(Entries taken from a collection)
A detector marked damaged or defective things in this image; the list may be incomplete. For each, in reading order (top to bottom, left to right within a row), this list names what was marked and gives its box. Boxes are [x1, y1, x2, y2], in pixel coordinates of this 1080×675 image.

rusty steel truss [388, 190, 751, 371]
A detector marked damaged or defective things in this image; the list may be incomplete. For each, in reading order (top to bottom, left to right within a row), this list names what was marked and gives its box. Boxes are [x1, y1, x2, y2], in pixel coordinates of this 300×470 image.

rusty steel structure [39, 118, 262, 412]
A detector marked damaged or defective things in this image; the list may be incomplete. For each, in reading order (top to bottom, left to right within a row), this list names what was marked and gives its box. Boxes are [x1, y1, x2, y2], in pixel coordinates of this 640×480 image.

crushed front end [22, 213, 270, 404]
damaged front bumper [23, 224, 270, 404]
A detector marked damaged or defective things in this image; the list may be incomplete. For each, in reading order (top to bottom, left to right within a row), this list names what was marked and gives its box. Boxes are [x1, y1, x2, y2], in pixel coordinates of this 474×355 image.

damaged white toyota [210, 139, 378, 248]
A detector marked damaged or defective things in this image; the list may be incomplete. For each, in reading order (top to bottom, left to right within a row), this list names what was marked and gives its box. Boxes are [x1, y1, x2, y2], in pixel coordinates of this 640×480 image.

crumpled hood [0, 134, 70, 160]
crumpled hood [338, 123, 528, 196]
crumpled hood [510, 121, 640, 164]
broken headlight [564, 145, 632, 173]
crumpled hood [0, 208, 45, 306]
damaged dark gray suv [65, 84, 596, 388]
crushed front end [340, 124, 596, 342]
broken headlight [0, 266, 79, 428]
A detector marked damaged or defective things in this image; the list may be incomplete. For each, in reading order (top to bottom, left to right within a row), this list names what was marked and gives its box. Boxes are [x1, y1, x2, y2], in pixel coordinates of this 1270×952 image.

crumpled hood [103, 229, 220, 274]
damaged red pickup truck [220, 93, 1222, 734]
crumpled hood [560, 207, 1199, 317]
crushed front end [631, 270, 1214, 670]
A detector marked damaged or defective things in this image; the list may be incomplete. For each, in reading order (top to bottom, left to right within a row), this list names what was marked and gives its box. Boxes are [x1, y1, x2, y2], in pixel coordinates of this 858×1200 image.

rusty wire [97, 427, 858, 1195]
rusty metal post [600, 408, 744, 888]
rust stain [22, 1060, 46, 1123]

▶ [Instructions for the task] Start at the line with "this 858×1200 image." and stop at the end of the records. Write those lines out exactly and add nothing.

▶ [Written response]
A detector marked damaged or defective things in this image; the list may be incomplete. For each, in reading order (top to bottom, left to right within a row), this list names what was marked and gives its box. Boxes are [x1, y1, x2, y2], in pixel coordinates of this 858×1200 image.

rusty wire [97, 427, 858, 1195]
rusty metal post [600, 408, 744, 888]
rust stain [22, 1060, 46, 1123]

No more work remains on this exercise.